In another embodiments, the one or more nucleic acid aptamers comprises a Broccoli 3WJdB aptamer. In accordance with these embodiments, the signal amplification component further comprises a DFHBI-1T dye that is responsive to the aptamer. Any dye/aptamer combination also be used, as would be recognized by one of ordinary skill in the art based on the present disclosure.
In accordance with the above embodiments, the compositions of the present disclosure can include one or more components of a cell free protein expression system. In order to express the biologically active proteins of interest described herein (e.g., initiator protein), a cell free protein synthesis system can be used. Cell extracts have been developed that support the synthesis of proteins in vitro from purified mRNA transcripts or from mRNA transcribed from DNA during the in vitro synthesis reaction. Cell free protein synthesis of polypeptides in a reaction mix can comprise cell extracts and/or defined reagents (e.g., buffers). The reaction mix can include at least ATP or an energy source; a template for production of the macromolecule, e.g., DNA, mRNA, etc.; amino acids, and such co-factors, enzymes and other reagents that are necessary for polypeptide synthesis, e.g., ribosomes, tRNA, polymerases, transcriptional factors, aminoacyl synthetases, elongation factors, initiation factors, etc. In one embodiment of the invention, the energy source is a homeostatic energy source. Also included may be enzyme(s) that catalyze the regeneration of ATP from high-energy phosphate bonds, e.g., acetate kinase, creatine kinase, etc. Such enzymes may be present in the extracts used for translation, or may be added to the reaction mix. Such synthetic reaction systems are well-known in the art, and have been described in the literature. The system generally includes a nucleic acid template that encodes a protein of interest. The nucleic acid template is an RNA molecule (e.g., mRNA) or a nucleic acid that encodes an mRNA (e.g., RNA, DNA) and be in any form (e.g., linear, circular, supercoiled, single stranded, double stranded, etc.). Nucleic acid templates guide production of the desired protein.

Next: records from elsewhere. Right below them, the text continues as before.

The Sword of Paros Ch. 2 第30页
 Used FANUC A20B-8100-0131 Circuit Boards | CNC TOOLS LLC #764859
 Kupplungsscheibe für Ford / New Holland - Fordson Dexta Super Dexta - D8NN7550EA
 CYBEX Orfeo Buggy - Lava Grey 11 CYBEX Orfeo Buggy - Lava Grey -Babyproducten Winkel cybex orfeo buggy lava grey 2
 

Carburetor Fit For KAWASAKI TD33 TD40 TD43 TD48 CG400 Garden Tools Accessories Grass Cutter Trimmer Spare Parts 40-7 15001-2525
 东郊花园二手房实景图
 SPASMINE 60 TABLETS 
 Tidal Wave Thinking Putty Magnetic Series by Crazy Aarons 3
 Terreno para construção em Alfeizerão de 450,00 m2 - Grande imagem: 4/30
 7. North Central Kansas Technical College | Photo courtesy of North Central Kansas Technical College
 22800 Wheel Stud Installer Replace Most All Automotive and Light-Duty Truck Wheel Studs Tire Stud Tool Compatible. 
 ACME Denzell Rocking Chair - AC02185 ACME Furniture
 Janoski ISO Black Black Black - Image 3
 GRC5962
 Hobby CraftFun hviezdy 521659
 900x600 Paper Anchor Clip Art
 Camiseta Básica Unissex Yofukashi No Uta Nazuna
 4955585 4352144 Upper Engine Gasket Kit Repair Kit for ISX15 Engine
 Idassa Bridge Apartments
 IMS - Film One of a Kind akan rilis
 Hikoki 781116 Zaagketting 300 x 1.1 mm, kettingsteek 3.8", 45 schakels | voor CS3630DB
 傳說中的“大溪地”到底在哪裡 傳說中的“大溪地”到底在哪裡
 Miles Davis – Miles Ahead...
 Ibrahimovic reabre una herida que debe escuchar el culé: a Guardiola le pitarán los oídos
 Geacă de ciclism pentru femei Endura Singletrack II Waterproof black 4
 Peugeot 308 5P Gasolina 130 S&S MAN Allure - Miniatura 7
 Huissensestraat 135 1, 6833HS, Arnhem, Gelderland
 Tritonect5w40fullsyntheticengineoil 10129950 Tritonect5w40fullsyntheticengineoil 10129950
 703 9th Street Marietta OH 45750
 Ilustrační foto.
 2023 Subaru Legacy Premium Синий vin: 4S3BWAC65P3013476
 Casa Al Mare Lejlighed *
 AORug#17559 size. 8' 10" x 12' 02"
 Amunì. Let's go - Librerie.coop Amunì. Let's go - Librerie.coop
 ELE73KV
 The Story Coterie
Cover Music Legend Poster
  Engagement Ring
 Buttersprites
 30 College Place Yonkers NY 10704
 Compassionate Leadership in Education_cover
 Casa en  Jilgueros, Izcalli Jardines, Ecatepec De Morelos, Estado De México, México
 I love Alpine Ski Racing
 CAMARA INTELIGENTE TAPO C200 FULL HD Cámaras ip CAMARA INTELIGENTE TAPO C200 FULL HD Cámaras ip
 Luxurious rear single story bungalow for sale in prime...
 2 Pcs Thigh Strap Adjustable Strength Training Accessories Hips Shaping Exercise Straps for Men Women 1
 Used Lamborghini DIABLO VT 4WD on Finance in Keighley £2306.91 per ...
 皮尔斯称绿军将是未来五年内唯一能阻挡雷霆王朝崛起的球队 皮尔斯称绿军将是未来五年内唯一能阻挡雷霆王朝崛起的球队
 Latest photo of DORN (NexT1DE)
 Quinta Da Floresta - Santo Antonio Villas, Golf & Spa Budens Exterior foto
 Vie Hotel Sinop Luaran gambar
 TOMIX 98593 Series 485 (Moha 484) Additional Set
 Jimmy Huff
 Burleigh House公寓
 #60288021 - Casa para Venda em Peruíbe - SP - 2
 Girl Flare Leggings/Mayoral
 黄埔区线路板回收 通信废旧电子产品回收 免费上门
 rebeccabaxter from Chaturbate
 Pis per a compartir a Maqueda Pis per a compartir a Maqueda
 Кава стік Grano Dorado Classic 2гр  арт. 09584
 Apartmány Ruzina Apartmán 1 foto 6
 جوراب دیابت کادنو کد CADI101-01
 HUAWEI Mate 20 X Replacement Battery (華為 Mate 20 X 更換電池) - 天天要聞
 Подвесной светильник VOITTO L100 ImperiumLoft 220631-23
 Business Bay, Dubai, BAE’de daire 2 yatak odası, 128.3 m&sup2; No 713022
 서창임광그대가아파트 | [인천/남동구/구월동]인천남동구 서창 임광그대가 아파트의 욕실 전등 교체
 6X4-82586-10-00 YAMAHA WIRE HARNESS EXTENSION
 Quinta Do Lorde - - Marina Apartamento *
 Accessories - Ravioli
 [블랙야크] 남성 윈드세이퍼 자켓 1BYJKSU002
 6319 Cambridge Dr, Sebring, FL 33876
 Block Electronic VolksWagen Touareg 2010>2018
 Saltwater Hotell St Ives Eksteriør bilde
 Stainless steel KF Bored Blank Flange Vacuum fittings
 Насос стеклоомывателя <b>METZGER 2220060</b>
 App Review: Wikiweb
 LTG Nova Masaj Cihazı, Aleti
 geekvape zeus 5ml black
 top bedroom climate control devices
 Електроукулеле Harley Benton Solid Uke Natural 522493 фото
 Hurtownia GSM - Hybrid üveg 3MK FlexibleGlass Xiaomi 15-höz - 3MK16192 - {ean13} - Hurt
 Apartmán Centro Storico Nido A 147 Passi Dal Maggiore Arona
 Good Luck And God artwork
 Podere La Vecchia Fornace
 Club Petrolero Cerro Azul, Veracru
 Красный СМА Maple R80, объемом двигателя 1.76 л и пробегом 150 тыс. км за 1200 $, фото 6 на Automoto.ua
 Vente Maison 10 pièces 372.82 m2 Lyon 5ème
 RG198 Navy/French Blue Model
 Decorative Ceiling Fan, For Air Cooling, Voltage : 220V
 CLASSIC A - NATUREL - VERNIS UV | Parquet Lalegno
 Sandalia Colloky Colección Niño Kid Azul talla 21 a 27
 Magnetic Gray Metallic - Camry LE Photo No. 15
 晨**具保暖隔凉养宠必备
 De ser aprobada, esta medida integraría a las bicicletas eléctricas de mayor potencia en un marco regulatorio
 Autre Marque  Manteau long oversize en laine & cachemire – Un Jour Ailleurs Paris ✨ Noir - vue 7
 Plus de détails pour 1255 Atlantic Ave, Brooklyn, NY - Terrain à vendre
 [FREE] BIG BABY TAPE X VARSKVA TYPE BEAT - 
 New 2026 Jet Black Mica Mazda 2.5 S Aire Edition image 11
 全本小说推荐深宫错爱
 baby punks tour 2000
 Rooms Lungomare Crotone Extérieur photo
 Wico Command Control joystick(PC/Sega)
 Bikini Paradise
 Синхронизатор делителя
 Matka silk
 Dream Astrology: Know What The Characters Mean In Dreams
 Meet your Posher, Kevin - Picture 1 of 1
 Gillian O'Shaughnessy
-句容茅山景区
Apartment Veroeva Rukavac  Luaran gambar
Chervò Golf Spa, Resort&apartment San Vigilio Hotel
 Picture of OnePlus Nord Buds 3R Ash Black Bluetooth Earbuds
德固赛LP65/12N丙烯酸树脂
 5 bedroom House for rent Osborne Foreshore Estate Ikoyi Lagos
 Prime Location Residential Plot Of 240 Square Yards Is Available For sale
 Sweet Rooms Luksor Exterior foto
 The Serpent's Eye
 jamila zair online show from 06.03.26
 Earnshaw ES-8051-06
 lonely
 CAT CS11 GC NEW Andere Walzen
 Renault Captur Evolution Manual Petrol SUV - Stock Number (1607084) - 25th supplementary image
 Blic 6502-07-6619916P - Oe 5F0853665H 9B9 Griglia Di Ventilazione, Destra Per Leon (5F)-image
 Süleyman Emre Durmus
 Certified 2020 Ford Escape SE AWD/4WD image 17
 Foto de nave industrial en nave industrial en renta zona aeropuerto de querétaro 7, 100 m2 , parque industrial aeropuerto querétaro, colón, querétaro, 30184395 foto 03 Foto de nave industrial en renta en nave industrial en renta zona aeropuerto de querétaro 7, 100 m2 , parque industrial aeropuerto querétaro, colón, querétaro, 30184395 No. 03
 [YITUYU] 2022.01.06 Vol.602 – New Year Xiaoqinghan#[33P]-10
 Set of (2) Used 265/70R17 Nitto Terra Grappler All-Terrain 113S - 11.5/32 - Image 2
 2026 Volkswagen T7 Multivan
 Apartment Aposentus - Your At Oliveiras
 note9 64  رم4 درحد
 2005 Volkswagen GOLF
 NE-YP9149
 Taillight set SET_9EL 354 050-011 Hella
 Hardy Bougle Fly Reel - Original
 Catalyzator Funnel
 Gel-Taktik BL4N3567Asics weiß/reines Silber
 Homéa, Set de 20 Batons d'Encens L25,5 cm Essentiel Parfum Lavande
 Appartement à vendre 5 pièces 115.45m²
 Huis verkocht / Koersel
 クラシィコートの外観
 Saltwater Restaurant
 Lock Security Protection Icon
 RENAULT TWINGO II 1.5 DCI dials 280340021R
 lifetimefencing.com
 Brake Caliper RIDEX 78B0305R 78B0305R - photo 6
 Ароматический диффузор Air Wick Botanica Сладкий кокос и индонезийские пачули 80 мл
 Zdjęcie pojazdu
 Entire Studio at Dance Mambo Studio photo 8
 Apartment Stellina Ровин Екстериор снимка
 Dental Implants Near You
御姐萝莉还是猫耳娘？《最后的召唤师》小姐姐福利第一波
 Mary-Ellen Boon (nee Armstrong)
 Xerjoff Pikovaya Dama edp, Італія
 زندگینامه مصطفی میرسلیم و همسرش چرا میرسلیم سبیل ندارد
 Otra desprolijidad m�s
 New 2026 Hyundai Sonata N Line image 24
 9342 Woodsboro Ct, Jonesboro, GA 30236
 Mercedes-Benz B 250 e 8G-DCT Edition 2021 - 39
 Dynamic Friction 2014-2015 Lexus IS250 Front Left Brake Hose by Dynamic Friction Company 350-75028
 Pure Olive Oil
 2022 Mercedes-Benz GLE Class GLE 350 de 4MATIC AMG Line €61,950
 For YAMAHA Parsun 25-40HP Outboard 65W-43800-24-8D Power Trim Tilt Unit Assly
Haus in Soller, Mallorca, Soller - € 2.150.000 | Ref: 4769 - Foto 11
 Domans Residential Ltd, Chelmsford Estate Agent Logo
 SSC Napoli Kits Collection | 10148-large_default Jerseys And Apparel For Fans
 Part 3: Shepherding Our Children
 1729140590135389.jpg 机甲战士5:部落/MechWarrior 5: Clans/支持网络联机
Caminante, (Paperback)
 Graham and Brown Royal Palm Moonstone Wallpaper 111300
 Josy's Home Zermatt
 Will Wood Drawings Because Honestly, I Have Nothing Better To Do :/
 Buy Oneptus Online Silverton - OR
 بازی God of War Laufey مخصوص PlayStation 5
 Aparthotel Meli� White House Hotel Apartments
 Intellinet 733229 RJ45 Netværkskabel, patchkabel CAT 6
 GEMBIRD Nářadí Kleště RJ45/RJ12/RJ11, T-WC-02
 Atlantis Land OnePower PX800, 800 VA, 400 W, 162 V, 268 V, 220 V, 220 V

Turning to the analyte-of-interest, the compositions and methods described here can be used to detect any analyte-of-interest, including nucleic acid molecule-based analytes capable of binding and disrupting the RNA toehold switch molecules described herein, as well as small molecule, peptide, or polypeptide analytes that can bind an allosteric transcription factor (engineered or naturally occurring). In some embodiments, the analyte comprises at least one of a DNA molecule, an RNA molecule, a small molecule, a lipid, a peptide, a polypeptide, a protein, a glycoprotein, and the like. In some embodiments, the analyte is from a pathogenic organism selected from the group consisting of bacteria, viruses, protozoa, worms, fungi, and the like. In a particular embodiment, the analyte comprises RNA from a virus. In some embodiments, the virus is a SARS-CoV-2.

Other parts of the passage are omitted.